Let's start with a childishly simple question — how does Russia differ from the United States? Putting aside the ideological “husk”, we can state that the American state is 214 years older than the Russian one. Since its formation, the United States has managed to implement many of the principles of the ancient polis democracy: electability and changeability of authorities, the sanctity of private property, the decisive word in the politics of the people — demos, and so on. It is the demos that are mostly the middle class, whose representatives live off small and medium-sized businesses, which, in turn, form the basis of the American economy.
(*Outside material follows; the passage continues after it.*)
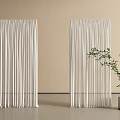 Elegant White Floor Length Curtains In Minimalist Room With Green Plant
This reality has led to the development of logical thinking that contributes to the preservation of democratic institutions (within this type of thinking, it is justified that “two times two is four” and that laws must be enforced, and the constitution must not be changed to a new one, despite the circumstances and the wishes of those in power; it is not superfluous to recall that the West, led by the United States, is the locomotive of world science).
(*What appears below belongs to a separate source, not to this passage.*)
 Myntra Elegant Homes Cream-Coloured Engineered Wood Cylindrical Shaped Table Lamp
As a result, the American state is strong in terms of ensuring human rights and weak in terms of the total ironing of everyone and everything that is familiar to Russians. When our countryman first finds himself in the United States or any other developed Western democracy, he is surprised to find almost complete, by Russian standards, absence of the state. In fact, the entire American state as such is concentrated in a few buildings in a small Washington (it is home to about 700,000 people, i.e. half a million less than in Kazan...). The state becomes only one of the public institutions, a kind of intermediary firm, to which other socio-political and economic groups delegate the powers of an arbitrator (even the possibility of legal violence on the part of the authorities here is actually limited by law (namely, the right, not the permit to carry weapons).

And in our country…

In the young Russian state, everything is different. Russia emerged in 1990 as the result of a struggle within the sprawling Soviet nomenclature — then and today's ruling class. The propaganda of the democratic myth in Yeltsin's time was only a cover for the undercover elite struggle, which explains the existence of several episodes of “real elections” (for example, the confrontation between B. N. Yeltsin and G. A. Zyuganiv n 1967).

The real middle class (let me remind you, the main subject of politics in the United States) in Russia has not been formed. Most of the businessmen of the 1990s have now turned into “downtrodden sole proprietors”, trembling before officials, freezing in clothing markets that are far from hygiene standards and barely “making ends meet”.

Recruitment to power takes place under completely different laws than in a democracy. If in the same United States, to become a politician, you need to have oratory skills, show initiative, be constantly in touch with your voters, be prominent and noticeable, then in modern Russia the opposite principle of “negative selection” applies — in order to “cling to power”, you need to show your superiors that you allegedly represent little of yourself, are tongue-tied in front of an audience, you are uninitiative, but at the same time, you are executive and in no way can make your boss at least some competition <...>. If a novice Russian official chooses a different, Western, style of behaviour, then for him, it will automatically mean signing a “political death sentence”, and if after leaving power he “does not get smarter”, then close communication with law enforcement agencies. . .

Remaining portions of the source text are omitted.